_To do_
Write out every entry precisely as given, leaving the pictures out.

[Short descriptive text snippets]

··········

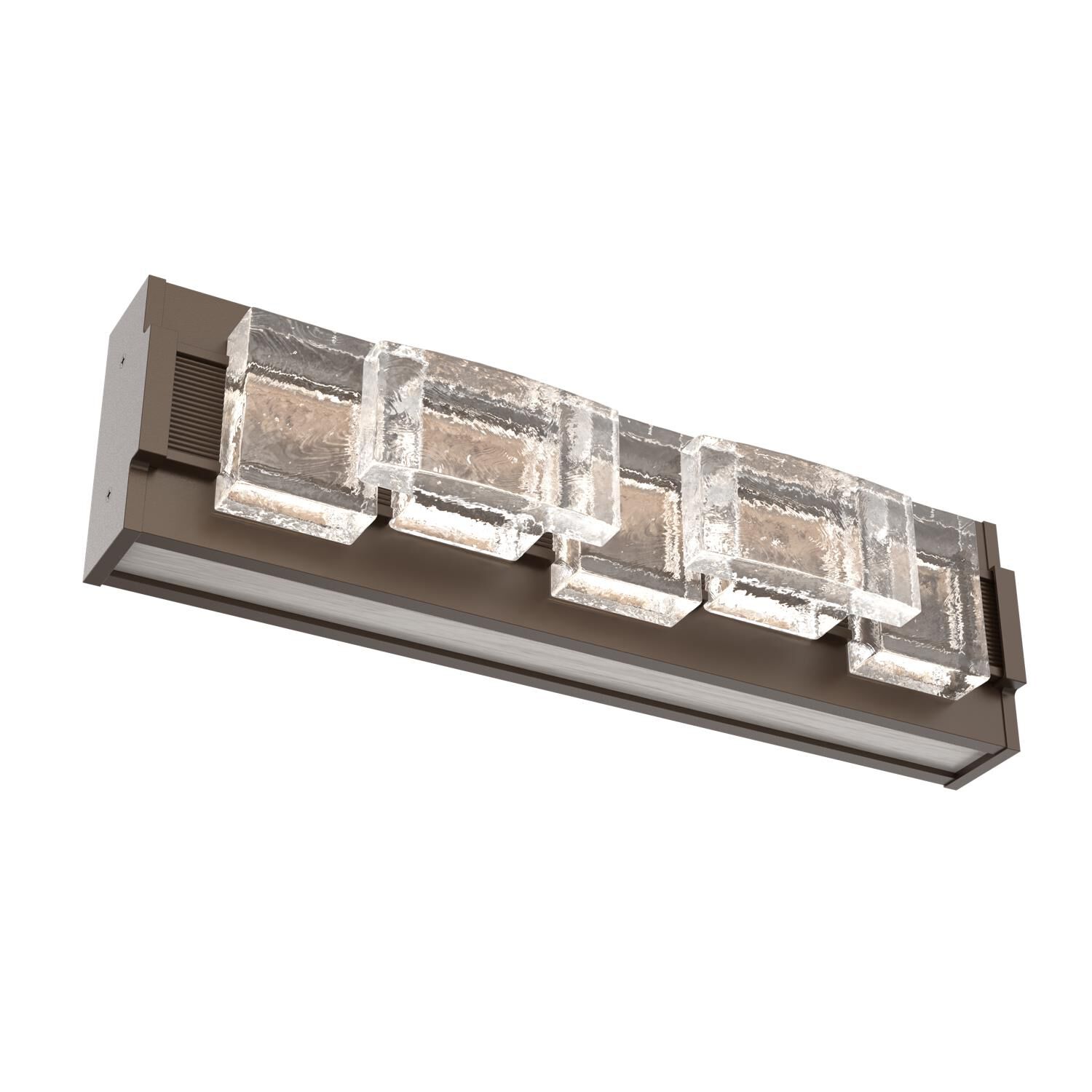 Shown in Flat Bronze finish and Rough Seedy glass and Light Oak accent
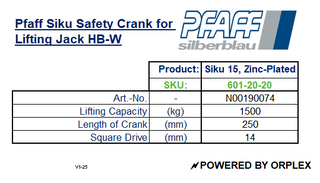 Pfaff Crank for Lifting Jack HB-W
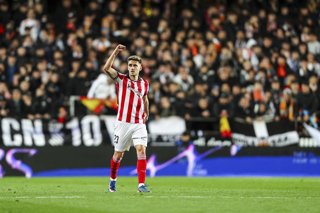 Robert Navarro of Athletic Club celebrates a goal during the spanish cup, Copa del Rey, football match played between Valencia and Athletic Club de Bilbao at Estadium Mestalla on  February 4 , 2026, in Valencia, Spain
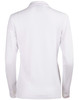 A long sleeve polo shirt in white, featuring a collar and a brand logo on the back.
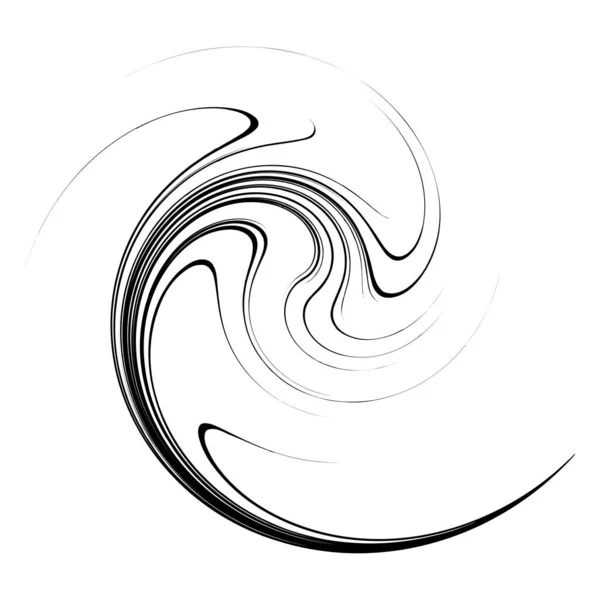 Élément Conception Spirale Illustration Vectorielle Lignes Radiales Tournantes — Image vectorielle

··········

_Answer box_
 Shown in Flat Bronze finish and Rough Seedy glass and Light Oak accent
 Pfaff Crank for Lifting Jack HB-W
 Robert Navarro of Athletic Club celebrates a goal during the spanish cup, Copa del Rey, football match played between Valencia and Athletic Club de Bilbao at Estadium Mestalla on  February 4 , 2026, in Valencia, Spain
 A long sleeve polo shirt in white, featuring a collar and a brand logo on the back.
 Élément Conception Spirale Illustration Vectorielle Lignes Radiales Tournantes — Image vectorielle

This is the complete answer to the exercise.